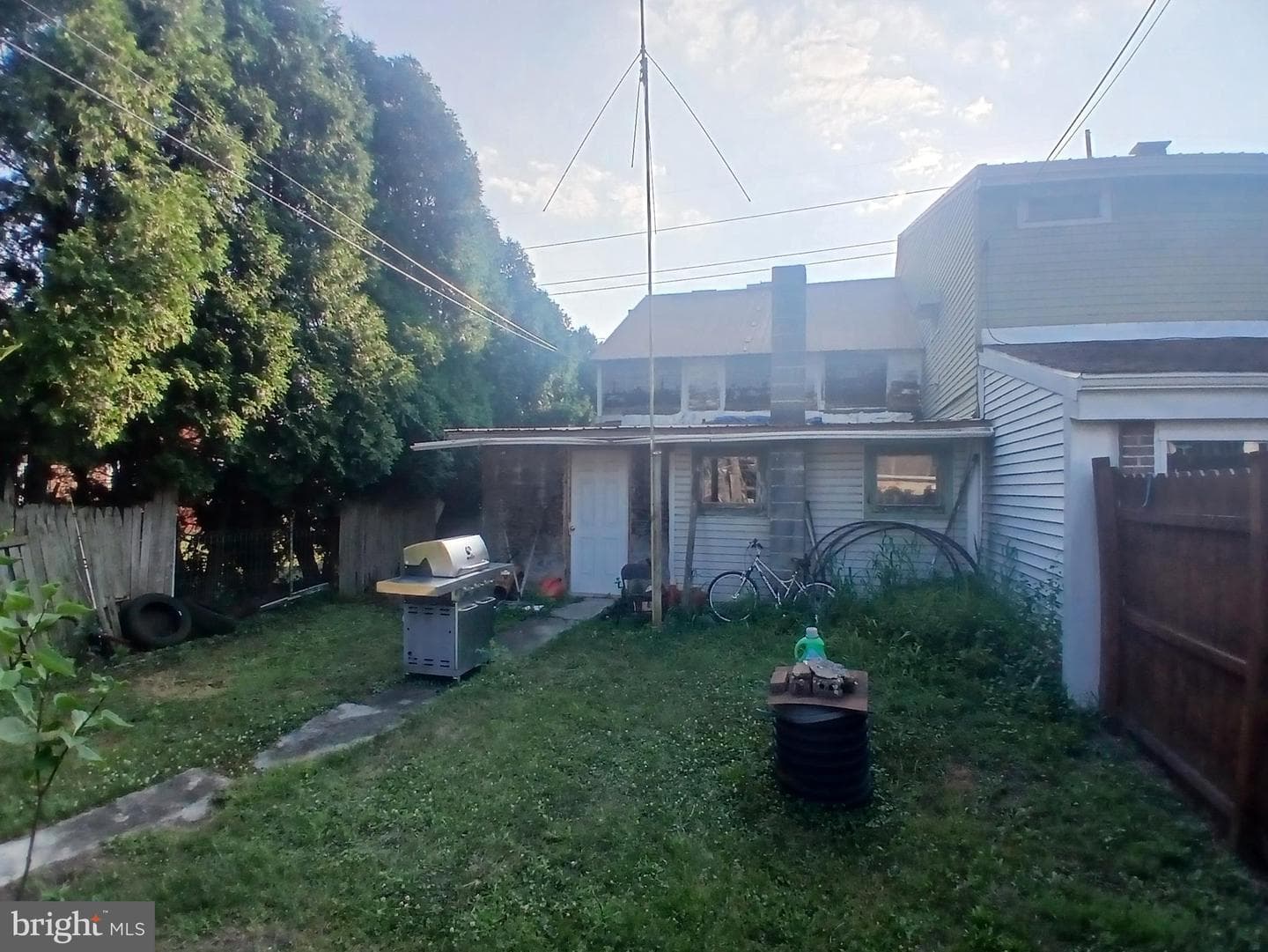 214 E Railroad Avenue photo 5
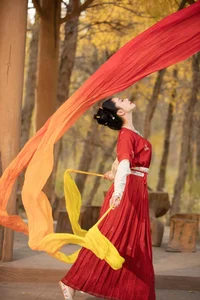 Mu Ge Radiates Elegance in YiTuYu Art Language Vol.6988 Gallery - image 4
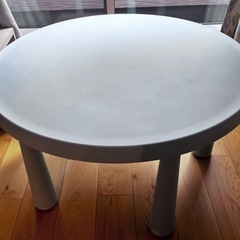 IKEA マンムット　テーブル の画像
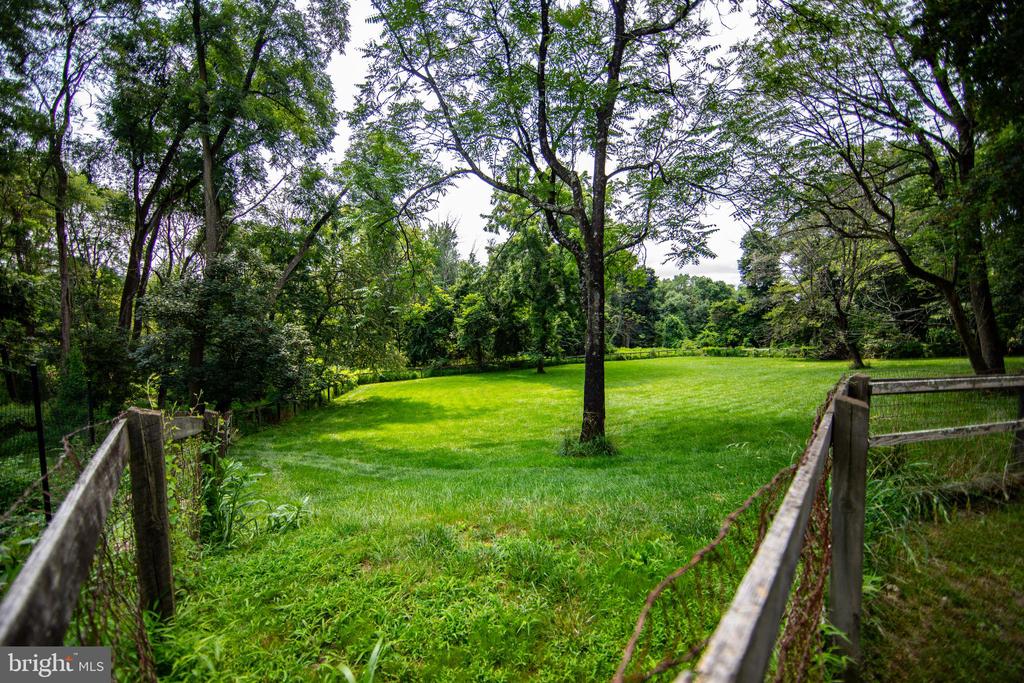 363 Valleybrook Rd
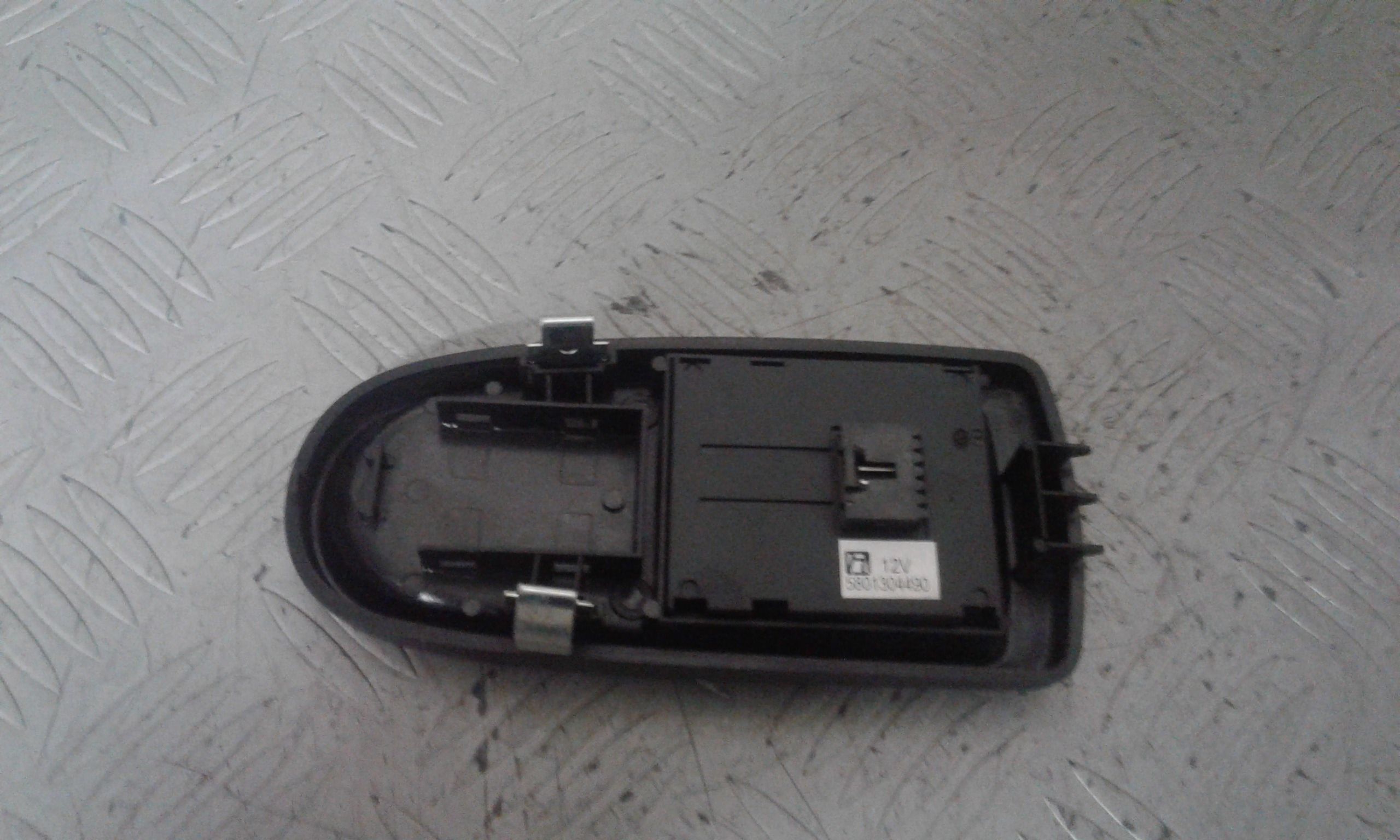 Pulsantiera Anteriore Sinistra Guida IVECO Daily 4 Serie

====

* [AIM OF THE EXERCISE]: A word-for-word copy of the lines from the one with "363 Valleybrook Rd" through the last line of the data above is required, with both end lines included and no pictures.

* [ANSWER]:
 363 Valleybrook Rd
 Pulsantiera Anteriore Sinistra Guida IVECO Daily 4 Serie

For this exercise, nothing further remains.